Los sensatos opinan que la única culpable es la criada, con auxilio de alguna gente de mal vivir. Y entre las dudas de unos, las desorientaciones de otros, las declaraciones de cientos de testigos (entre los cuales figura desde el asqueroso rufián hasta la aristocrática dama), las hipótesis cada día diferentes y las caprichosas y variadas versiones que da la ya célebre Higinia, de tal manera está enredado el ovillejo, que me parece muy difícil para el Tribunal emitir un fallo que no descontente y haga murmurar á media España.

¿Que cuál es mi opinión privada en este asunto intrincadísimo? Ninguna como juez, ninguna como polizonte; á bien que no soy ni lo uno ni lo otro. Como novelista, y dentro de la lógica de la novela experimental, yo sin declararme insensata ni sensata, veo en el carácter y costumbres del hijo de la víctima algo que le ennegrece y acusa.

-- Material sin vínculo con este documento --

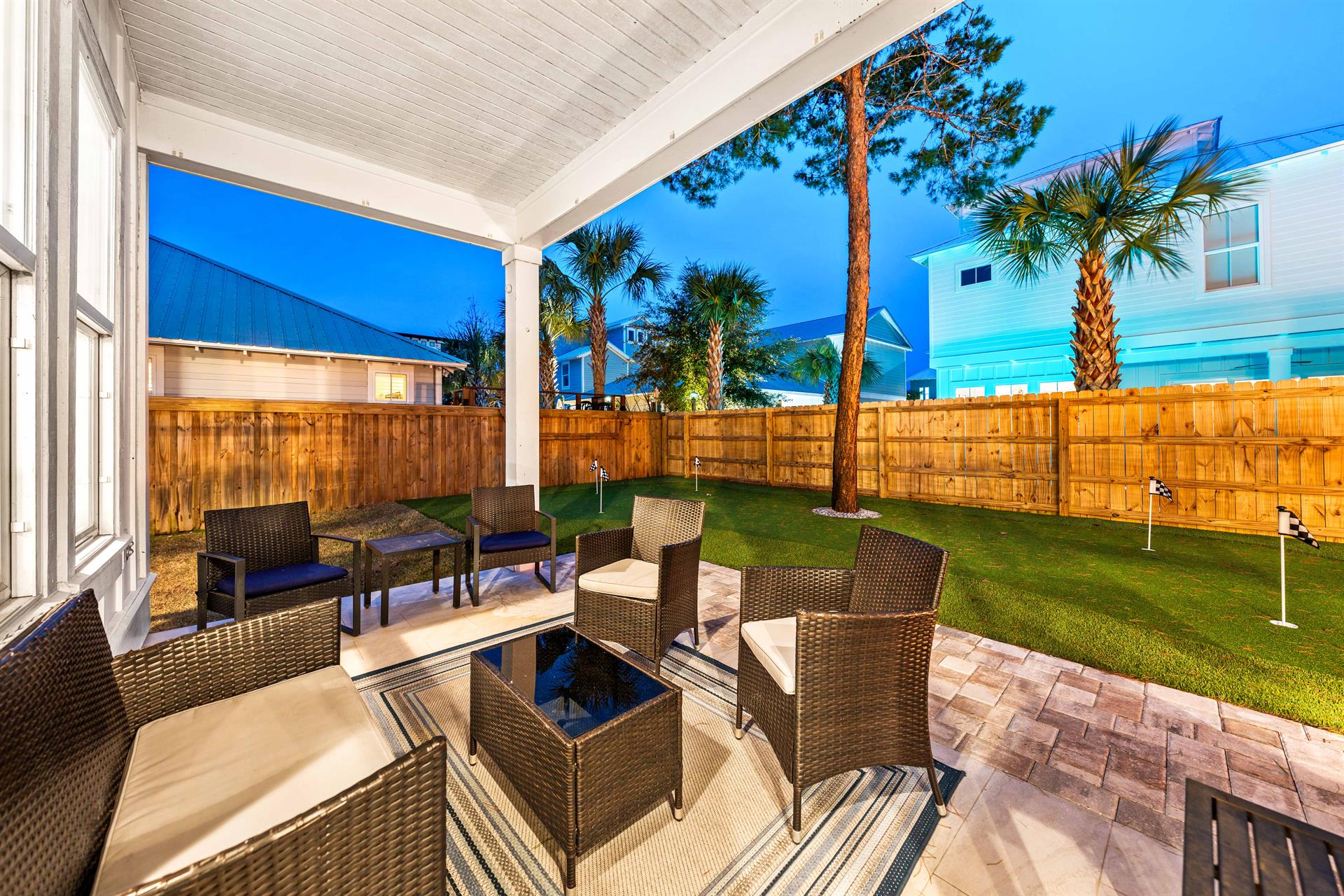 Outdoor space with 5 hole putting green and plenty of seating under the covered porch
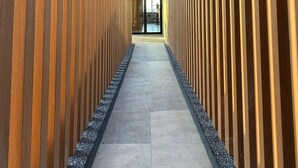 A corridor with wooden slats on the walls and a tiled floor. - New, Fully Furnished Apartment in Guadalajara-Zapopan with AC and Pool—Pet-Friendly (Guadalajara)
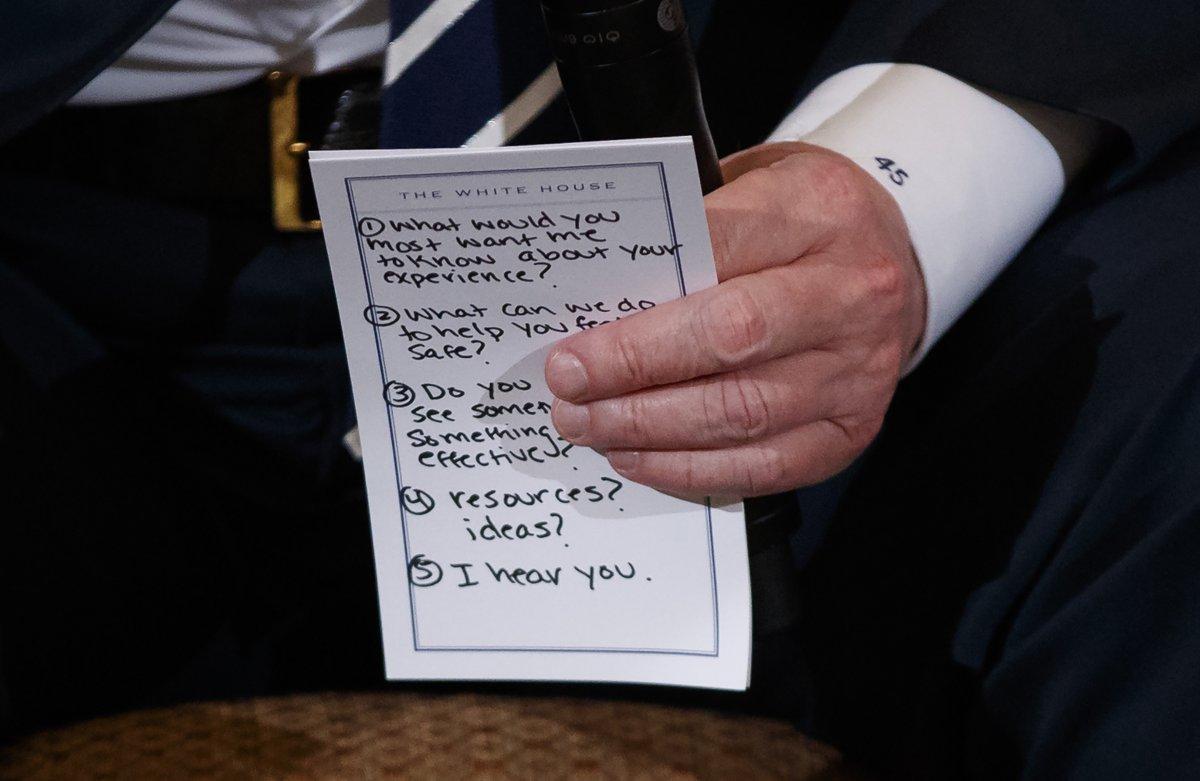 ChrisJHerman's tweet photo. The narcissistic orange toddler needed notes to remind himself to empathize with people who lost their children and loved ones. Nothing captures his lack of empathy more than this picture. It’s staggering. #ihearyou https://t.co/KuvBxiSWkN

Quien abofetea á su madre hasta arrancarla los dientes; quien esgrime contra ella la navaja y sepulta el hierro en las entrañas donde fué concebido, podrá (mediante el absurdo de las circunstancias fortuitas) no haber sido parricida material: moralmente lo es, y me inspira el horror consecuente al más nefando de los crímenes, á aquél que las leyes de Moisés y Solón no castigan, porque no admiten ni que pueda existir; á aquél que más ultraja las sacras leyes de la naturaleza. Pero repito que si esto pienso como novelista, como magistrado sólo pensaría que el crimen ha de estar más claro que la luz el el sol para que la justicia, humana pueda castigarlo sin recelo.